►

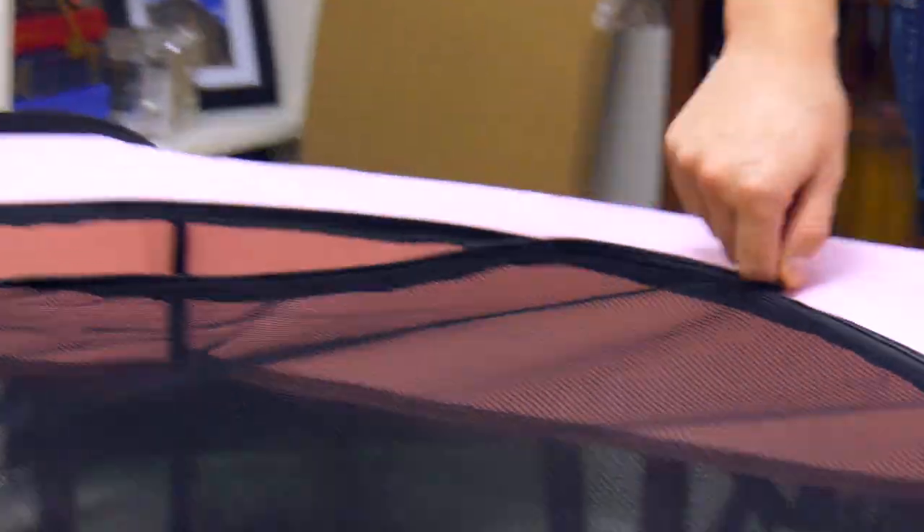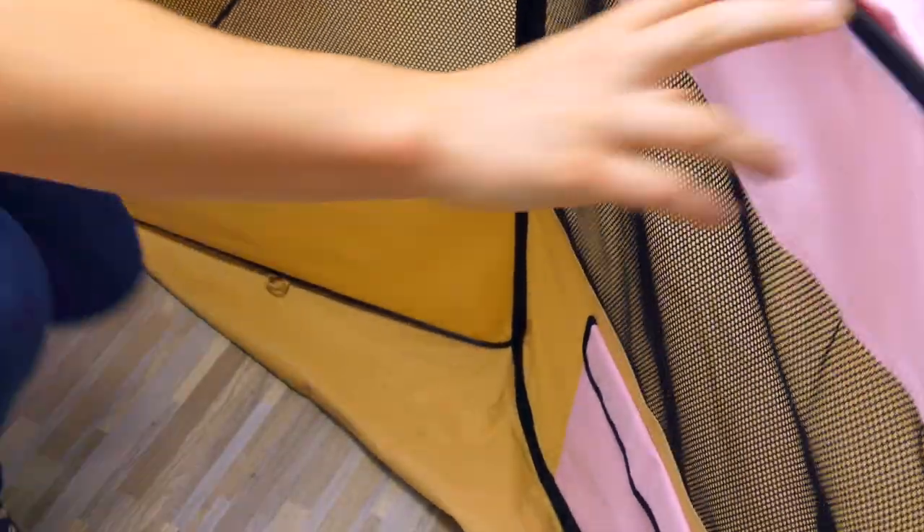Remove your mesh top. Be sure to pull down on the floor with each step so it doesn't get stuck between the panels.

◄
►

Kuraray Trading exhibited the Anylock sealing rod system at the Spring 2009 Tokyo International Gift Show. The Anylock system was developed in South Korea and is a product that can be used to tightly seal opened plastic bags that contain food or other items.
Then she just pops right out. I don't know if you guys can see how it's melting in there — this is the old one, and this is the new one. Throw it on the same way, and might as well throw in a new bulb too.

◄
►

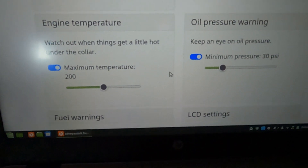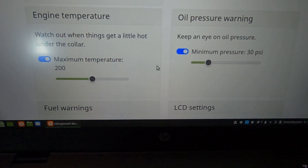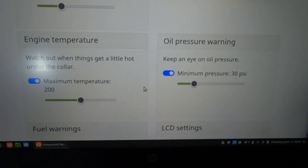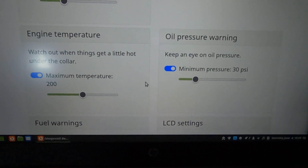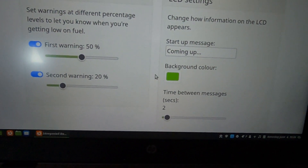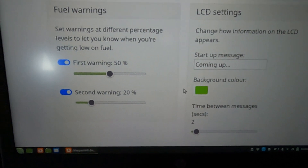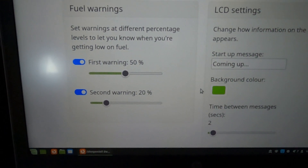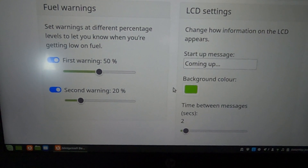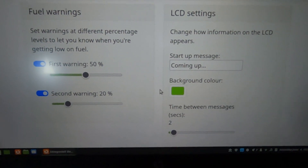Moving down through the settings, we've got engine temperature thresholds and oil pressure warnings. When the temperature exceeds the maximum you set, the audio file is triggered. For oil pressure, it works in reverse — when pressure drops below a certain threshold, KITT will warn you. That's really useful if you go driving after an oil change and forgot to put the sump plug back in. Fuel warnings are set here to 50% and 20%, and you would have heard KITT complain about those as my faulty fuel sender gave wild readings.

◄

→ **Required work**
Out of the data above, give again only the lines starting at the one holding "Kuraray Trading exhibited" and ending at the one holding "Then she just", unchanged.

→ **Answer**
Kuraray Trading exhibited the Anylock sealing rod system at the Spring 2009 Tokyo International Gift Show. The Anylock system was developed in South Korea and is a product that can be used to tightly seal opened plastic bags that contain food or other items.
Then she just pops right out. I don't know if you guys can see how it's melting in there — this is the old one, and this is the new one. Throw it on the same way, and might as well throw in a new bulb too.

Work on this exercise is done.